**Records for the exercise**
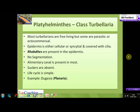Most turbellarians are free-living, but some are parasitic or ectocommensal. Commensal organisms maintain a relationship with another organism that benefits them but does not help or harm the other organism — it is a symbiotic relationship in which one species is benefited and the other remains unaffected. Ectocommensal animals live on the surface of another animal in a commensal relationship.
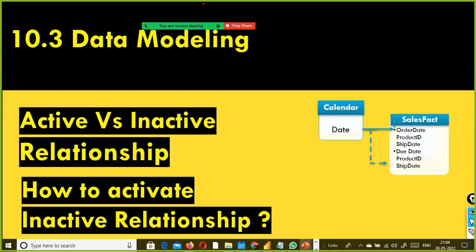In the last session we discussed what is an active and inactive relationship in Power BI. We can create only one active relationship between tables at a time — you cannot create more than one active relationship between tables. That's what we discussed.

* * *

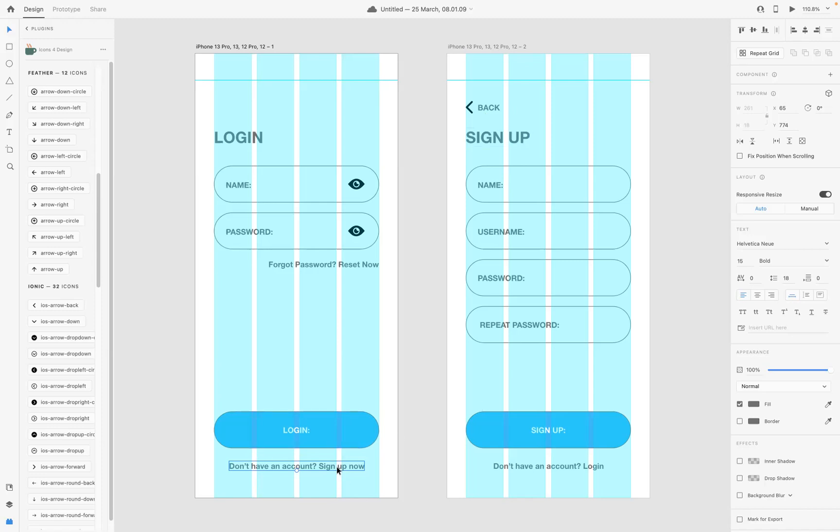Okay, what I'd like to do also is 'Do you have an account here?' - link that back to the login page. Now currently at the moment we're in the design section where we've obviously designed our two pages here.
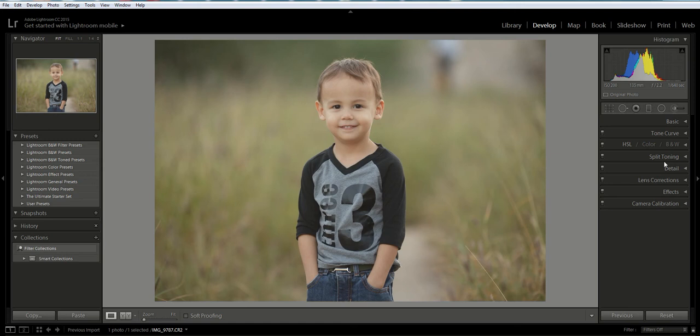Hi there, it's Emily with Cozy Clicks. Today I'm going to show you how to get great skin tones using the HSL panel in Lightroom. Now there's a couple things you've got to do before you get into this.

* * *

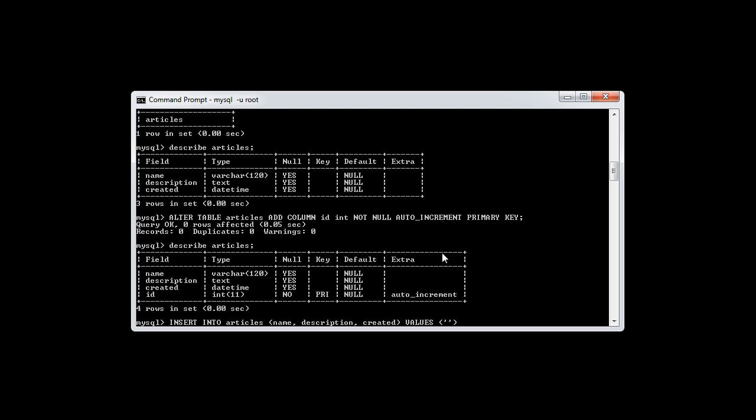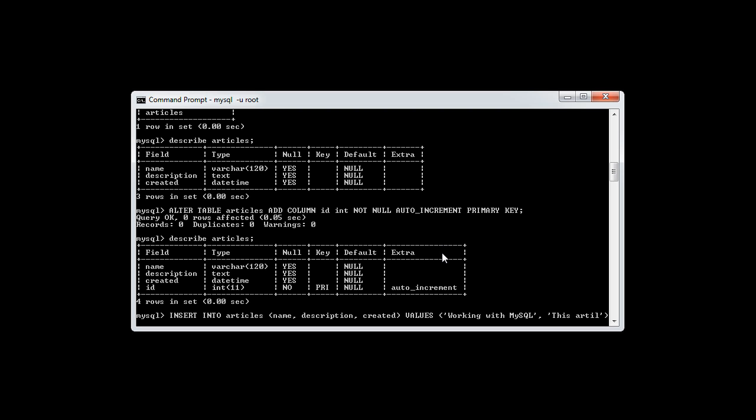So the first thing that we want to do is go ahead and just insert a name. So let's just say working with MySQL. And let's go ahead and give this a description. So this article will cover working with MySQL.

**About this exercise**
Give the lines above again exactly, from the one containing "Most turbellarians are" to the one containing "In the last", both included, but leave out the pictures.

**Task solution**
Most turbellarians are free-living, but some are parasitic or ectocommensal. Commensal organisms maintain a relationship with another organism that benefits them but does not help or harm the other organism — it is a symbiotic relationship in which one species is benefited and the other remains unaffected. Ectocommensal animals live on the surface of another animal in a commensal relationship.
In the last session we discussed what is an active and inactive relationship in Power BI. We can create only one active relationship between tables at a time — you cannot create more than one active relationship between tables. That's what we discussed.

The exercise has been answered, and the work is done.